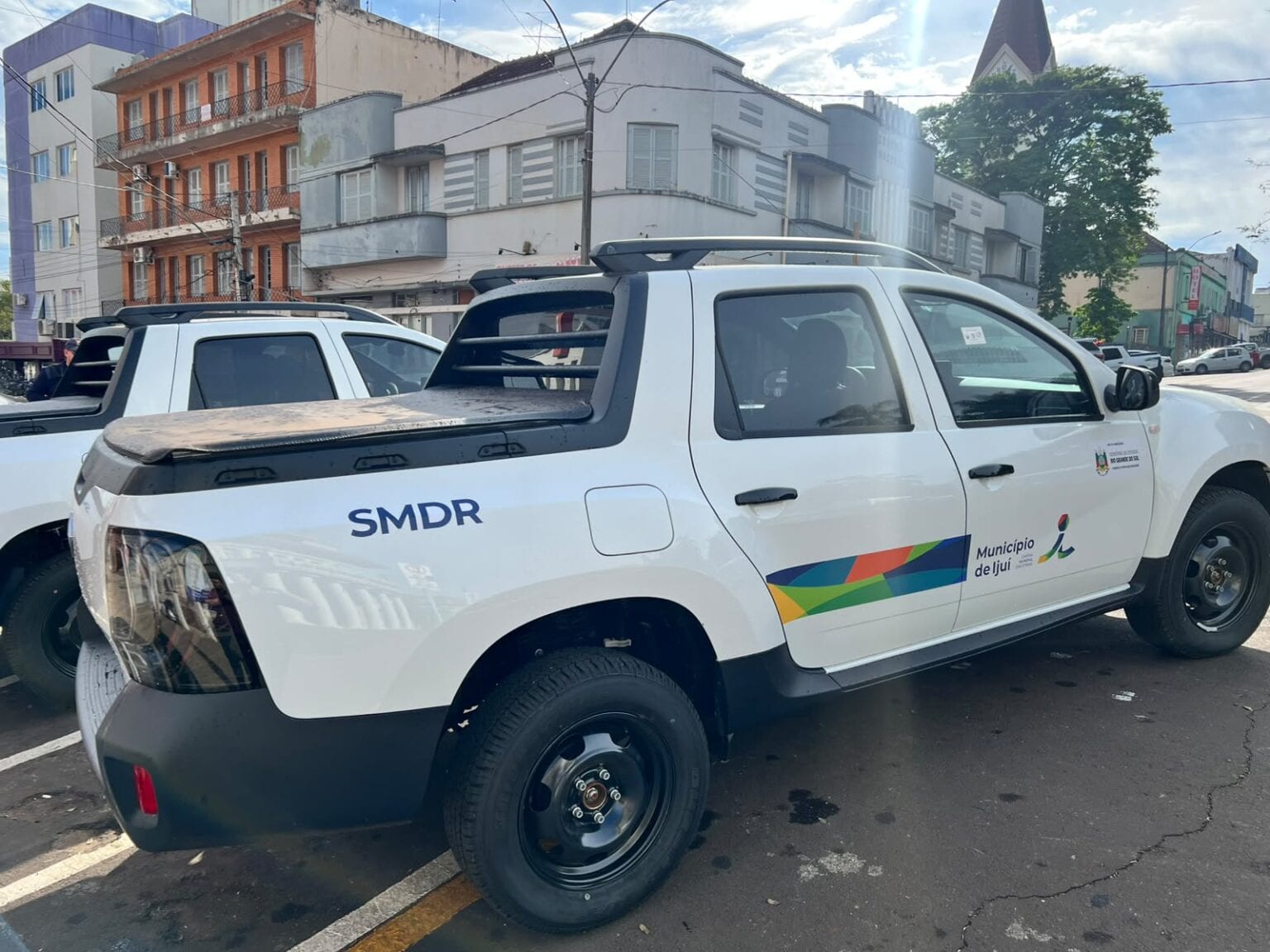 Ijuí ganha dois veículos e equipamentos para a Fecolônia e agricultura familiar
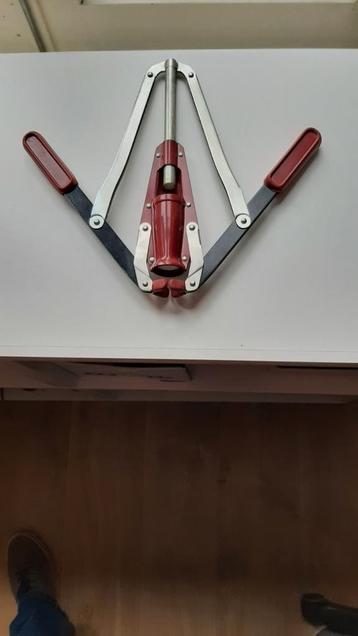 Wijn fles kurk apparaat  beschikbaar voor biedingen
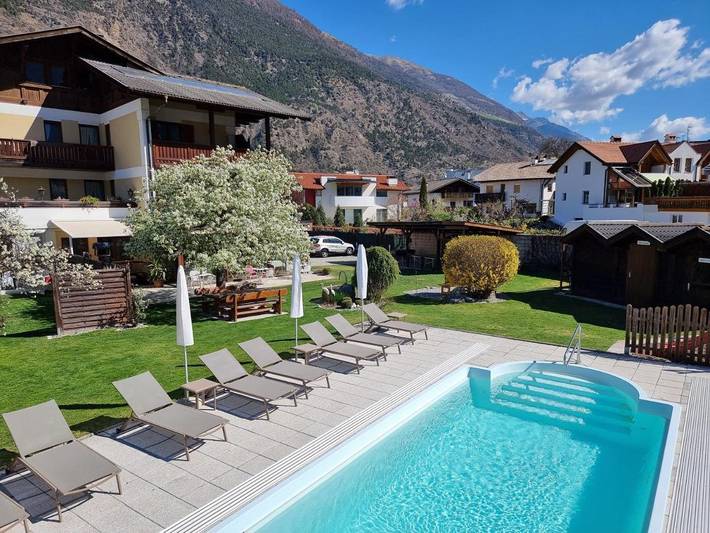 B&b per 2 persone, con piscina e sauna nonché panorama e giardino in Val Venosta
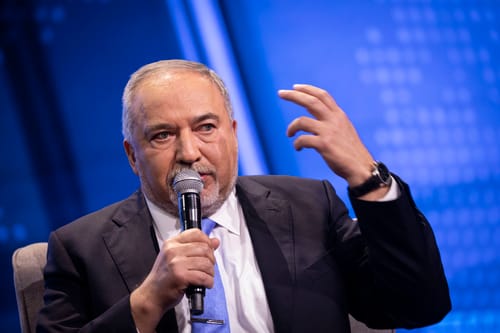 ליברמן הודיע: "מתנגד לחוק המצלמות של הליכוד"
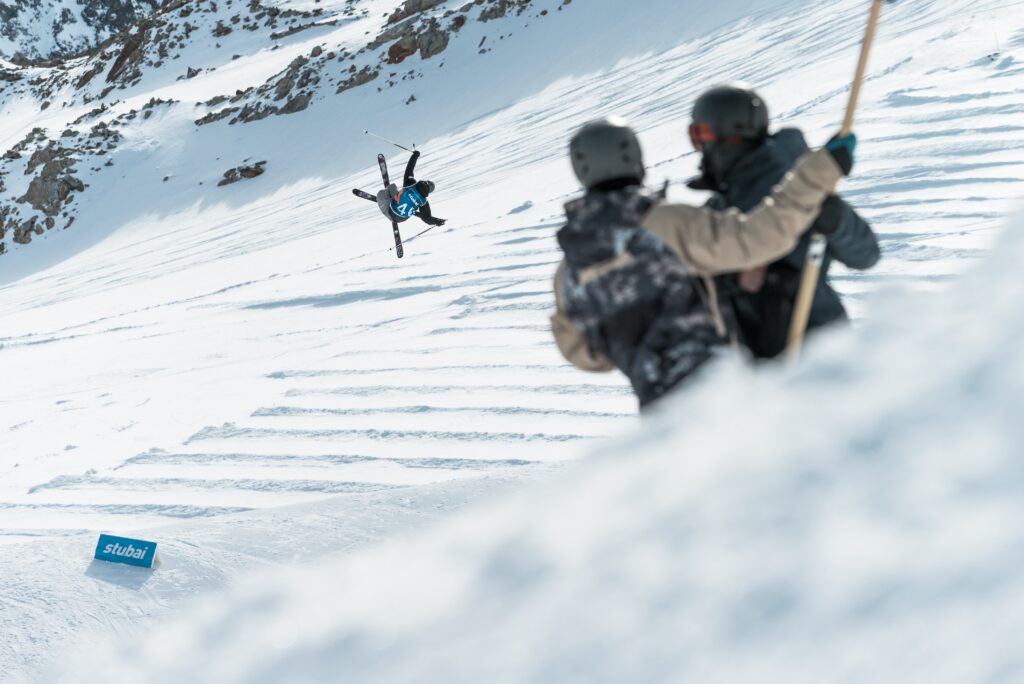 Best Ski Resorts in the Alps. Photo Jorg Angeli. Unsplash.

* * *

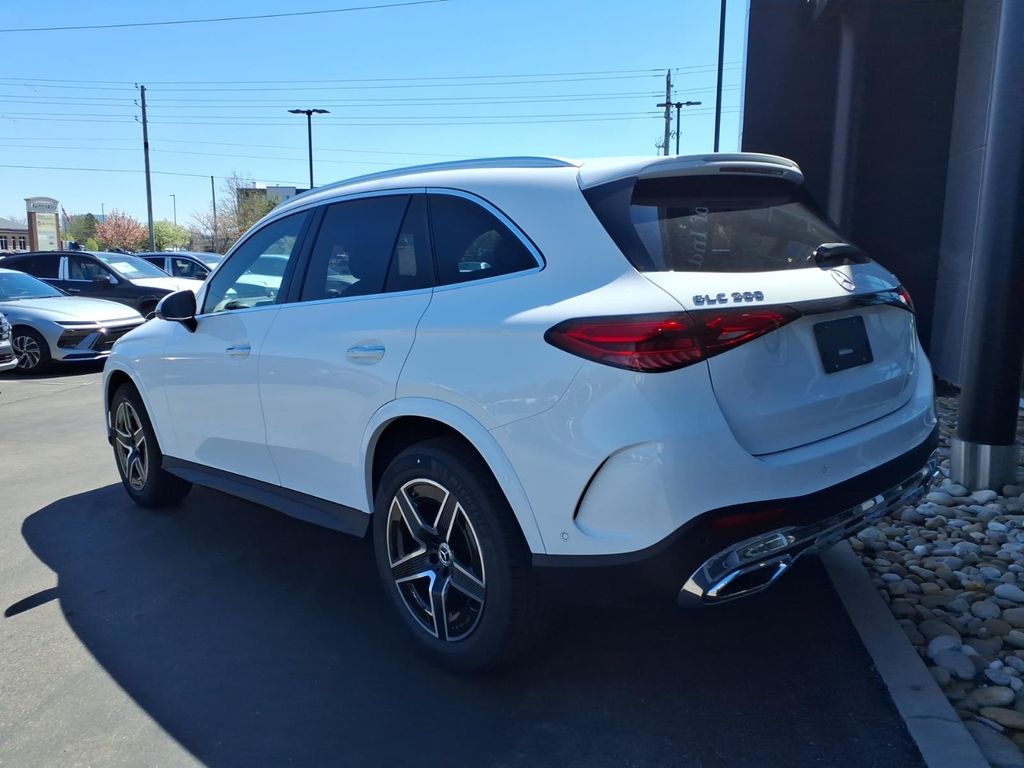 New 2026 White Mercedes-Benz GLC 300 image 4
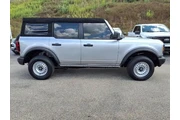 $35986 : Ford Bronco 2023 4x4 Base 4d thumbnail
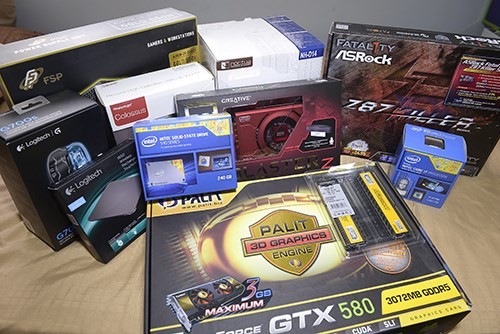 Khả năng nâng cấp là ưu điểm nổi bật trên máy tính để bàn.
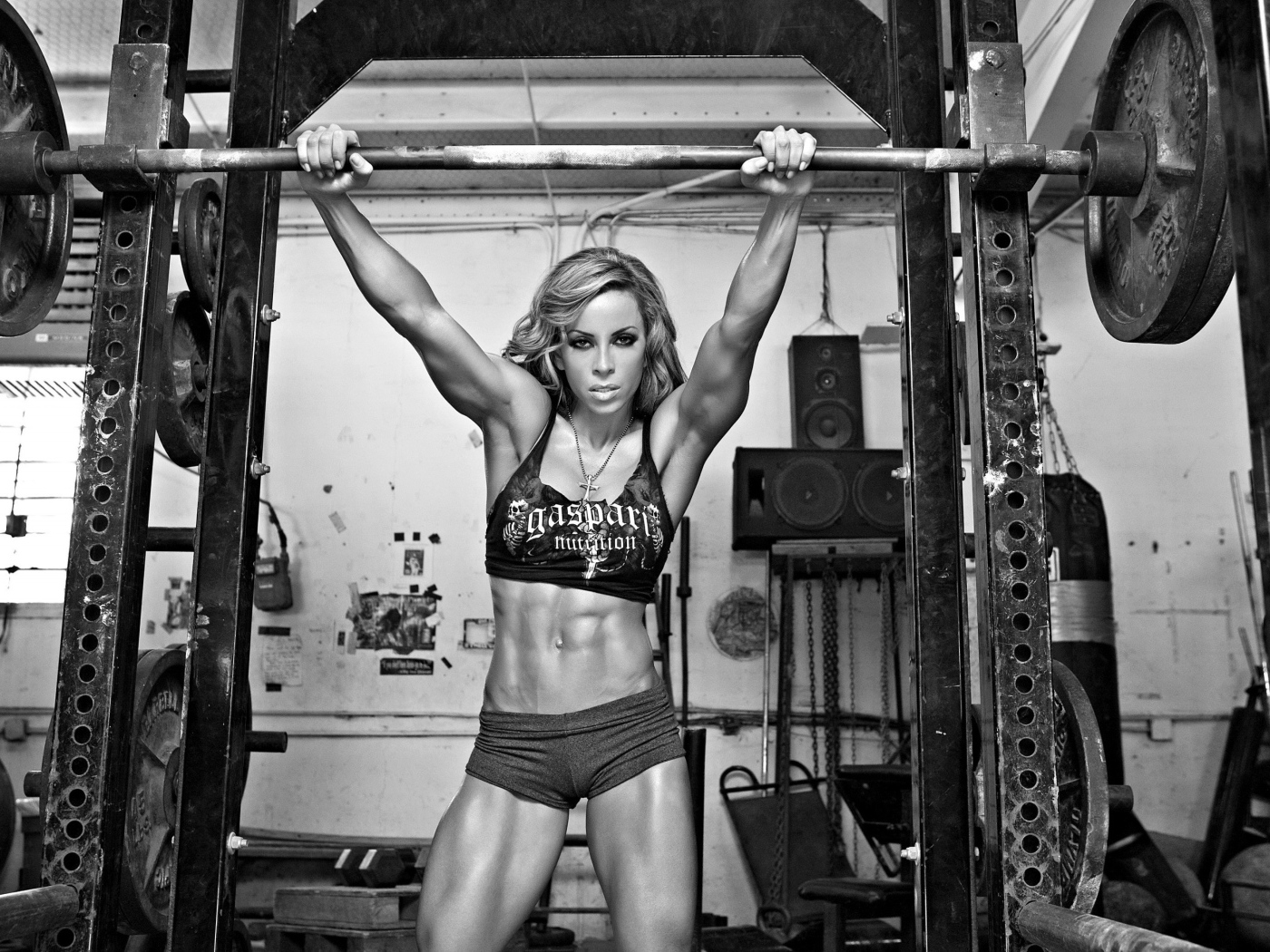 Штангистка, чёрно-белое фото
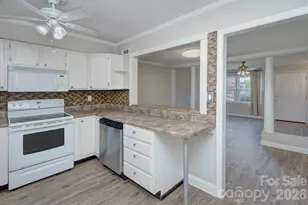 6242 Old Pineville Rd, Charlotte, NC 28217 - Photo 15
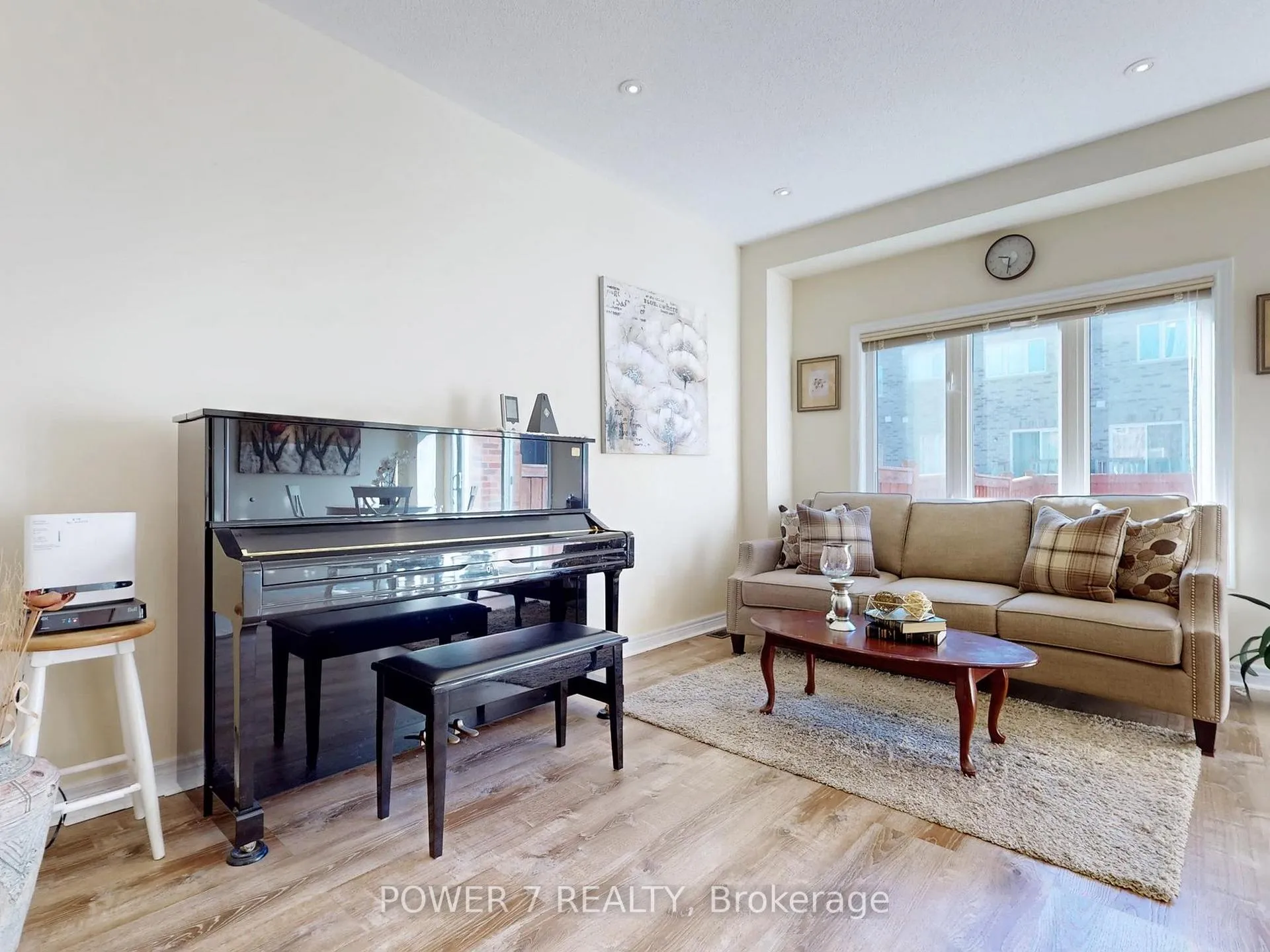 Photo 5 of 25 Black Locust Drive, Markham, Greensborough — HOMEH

» Task instructions
Word for word, restate the lines above from the one with "Khả năng nâng" through the one with "Photo 5 of 25", keeping both ends and dropping the pictures.

» Task response
 Khả năng nâng cấp là ưu điểm nổi bật trên máy tính để bàn.
 Штангистка, чёрно-белое фото
 6242 Old Pineville Rd, Charlotte, NC 28217 - Photo 15
 Photo 5 of 25 Black Locust Drive, Markham, Greensborough — HOMEH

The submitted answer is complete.